Uma onda de mau cheiro no almoço e na janta intrigava há meses os moradores da Avenida Beira Mar Norte, onde vive a elite da capital catarinense. Para descobrir as razões da fedentina uma investigação inédita do Tribunal de Contas do Estado saiu dos livros da Casan (a empresa estatal de saneamento) e foi para o campo técnico. Conclusão: o mau funcionamento de uma estação de tratamento e despejo de lodo no mar é a causa do problema.
Os picos do mau cheiro ocorrem quando a vazão no sistema de escoamento torna-se tamanha que a estação de tratamento de esgoto da ilha (ETE Insular) entra em colapso. Ela desliga as bombas e deixa represar o esgoto nas tubulações subterrâneas do centro da cidade. Após 30 minutos de retenção, a coisa começa a cheirar mal.

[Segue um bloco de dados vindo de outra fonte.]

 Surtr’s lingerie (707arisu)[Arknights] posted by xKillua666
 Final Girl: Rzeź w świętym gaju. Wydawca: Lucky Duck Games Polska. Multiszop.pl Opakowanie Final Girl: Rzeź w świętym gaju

A descoberta veio por acaso, porque a Casan nunca divulgou o problema. No ano passado, o TCE fez um estudo para esclarecer se os esgotos produzidos no centro de Florianópolis estavam sendo tratados de acordo com os padrões ambientais. A escolha da estação de tratamento da Casan para investigação foi feita apenas como modelo para treinamento dos técnicos do TCE. Nas aulas, eles foram descobrindo um caso-verdade: que a ETE não funcionava nos conformes. O Tribunal passou então a se preocupar com a funcionalidade da obra, indo além do aspecto meramente contábil. Flagrado o defeito, o TCE apresentou à Casan, em dezembro, um conjunto de 16 ações corretivas necessárias. Só na semana passada a empresa enviou ao TCE um relatório admitindo o transbordamento.
O problema é fácil de perceber: a Avenida Beira Mar Norte, cartão-postal da cidade, fede em hora certa: das 12h às 14h e das 17h às 19h. É um fedor de matar, daqueles constrangedores. Quem passa de carro fica enojado. Quem mora lá não se acostuma – portas e janelas fechadas são o recurso comum para amenizar o cheiro. Dependendo do vento.
O lodo que transborda dos decantadores da estação chega às águas da Baía Sul de Florianópolis, infestando-as com uma carga de 415 litros de sujeira por segundo. O cálculo consta no relatório do TCE, baseado em estudo feito pela Fundação de Ensino Tecnológico do Estado de Santa Catarina (Fetesc), Fundação de Amparo ao Meio Ambiente (Fatma) e Universidade Federal (UFSC).
O lodo é um caldo grosso de dejetos sólidos e sanitários. Dele vem o cheiro. Em seu site, a Casan ainda mantém a promessa de que o serviço não causaria mau cheiro – o que pode ser encarado como uma quebra de contrato com a sociedade. No mínimo, propaganda enganosa. A empresa não tem solução a curto prazo para oferecer.
A assessoria de imprensa da Casan destacou o engenheiro químico Carlos César de Almeida Alves para falar sobre o assunto. O servidor garantiu que não há problemas com as tubulações do sistema coletor de esgotos na região central da cidade, mas alegou que não estava autorizado a falar sobre a ETE transbordante – e muito menos sobre o cheiro. No entanto, um funcionário da empresa dá uma pista. Segundo ele, o problema não existiria se tivesse sido instalado um equipamento chamado filtro de turfa, como previa o projeto. Onde foi parar o filtro de turfa?, talvez seja a pergunta a investigar.
O secretário municipal de Habitação e Saneamento Básico, Átila Rocha dos Santos, não quer marolas na baía suja. Consultado sobre o assunto, recorre ao protocolar já-fiz-minha -parte. “A Prefeitura de Florianópolis, na atual administração, fez uma solicitação à Casan no sentido de dar melhores condições técnicas e eliminar os problemas daquela estação de tratamento”. Ou seja, reconhece o fedor, mas limita-se a tampar o nariz enquanto espera providências.
A Fatma, por meio de análise de amostras de água recolhidas no último dia 31 de março, na altura do monumento à Polícia Militar da Beira Mar Norte, concluiu que aquela praia está imprópria para banho. Talvez isso explique por que a avenida é a preferida do povão para jogging.
* Henrique Ungaretti, 39 anos, é jornalista em Florianópolis.